(Stored records)
■ ■ ■ ■ ■ ■ ■

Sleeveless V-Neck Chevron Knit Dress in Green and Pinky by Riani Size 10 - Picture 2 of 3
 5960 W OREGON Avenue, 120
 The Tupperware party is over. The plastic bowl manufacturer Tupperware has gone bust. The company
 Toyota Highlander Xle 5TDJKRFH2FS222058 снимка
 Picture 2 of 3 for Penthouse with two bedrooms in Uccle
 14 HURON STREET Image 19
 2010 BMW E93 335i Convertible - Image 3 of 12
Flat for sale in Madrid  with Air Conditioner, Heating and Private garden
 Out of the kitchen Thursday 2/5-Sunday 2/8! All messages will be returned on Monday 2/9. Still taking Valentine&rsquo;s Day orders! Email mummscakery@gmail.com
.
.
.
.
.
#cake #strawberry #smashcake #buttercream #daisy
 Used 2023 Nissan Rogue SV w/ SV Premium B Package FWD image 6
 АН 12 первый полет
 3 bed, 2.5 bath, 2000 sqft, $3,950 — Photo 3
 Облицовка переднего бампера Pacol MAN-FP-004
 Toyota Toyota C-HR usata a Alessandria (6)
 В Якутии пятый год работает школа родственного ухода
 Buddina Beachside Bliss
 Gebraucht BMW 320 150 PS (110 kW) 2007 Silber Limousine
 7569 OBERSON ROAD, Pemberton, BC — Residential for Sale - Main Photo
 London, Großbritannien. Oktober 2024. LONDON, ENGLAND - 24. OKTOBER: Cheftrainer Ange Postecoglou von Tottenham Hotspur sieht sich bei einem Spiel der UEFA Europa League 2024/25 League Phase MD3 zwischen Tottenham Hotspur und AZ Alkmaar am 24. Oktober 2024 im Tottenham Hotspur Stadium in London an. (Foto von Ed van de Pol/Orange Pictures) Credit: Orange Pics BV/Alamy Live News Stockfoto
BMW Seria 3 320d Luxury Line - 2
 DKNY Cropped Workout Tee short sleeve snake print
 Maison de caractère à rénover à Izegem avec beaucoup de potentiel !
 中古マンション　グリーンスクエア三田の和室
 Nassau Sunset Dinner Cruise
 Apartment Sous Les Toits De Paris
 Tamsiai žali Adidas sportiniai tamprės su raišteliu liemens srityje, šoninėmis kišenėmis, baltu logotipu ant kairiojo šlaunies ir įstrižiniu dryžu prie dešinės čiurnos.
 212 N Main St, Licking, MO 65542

■ ■ ■ ■ ■ ■ ■

Output the lines above between the one holding "7569 OBERSON ROAD, Pemberton, BC" and the one holding "Apartment Sous Les Toits De Paris", inclusive, with nothing before or after them.

■ **Your response**
 7569 OBERSON ROAD, Pemberton, BC — Residential for Sale - Main Photo
 London, Großbritannien. Oktober 2024. LONDON, ENGLAND - 24. OKTOBER: Cheftrainer Ange Postecoglou von Tottenham Hotspur sieht sich bei einem Spiel der UEFA Europa League 2024/25 League Phase MD3 zwischen Tottenham Hotspur und AZ Alkmaar am 24. Oktober 2024 im Tottenham Hotspur Stadium in London an. (Foto von Ed van de Pol/Orange Pictures) Credit: Orange Pics BV/Alamy Live News Stockfoto
BMW Seria 3 320d Luxury Line - 2
 DKNY Cropped Workout Tee short sleeve snake print
 Maison de caractère à rénover à Izegem avec beaucoup de potentiel !
 中古マンション　グリーンスクエア三田の和室
 Nassau Sunset Dinner Cruise
 Apartment Sous Les Toits De Paris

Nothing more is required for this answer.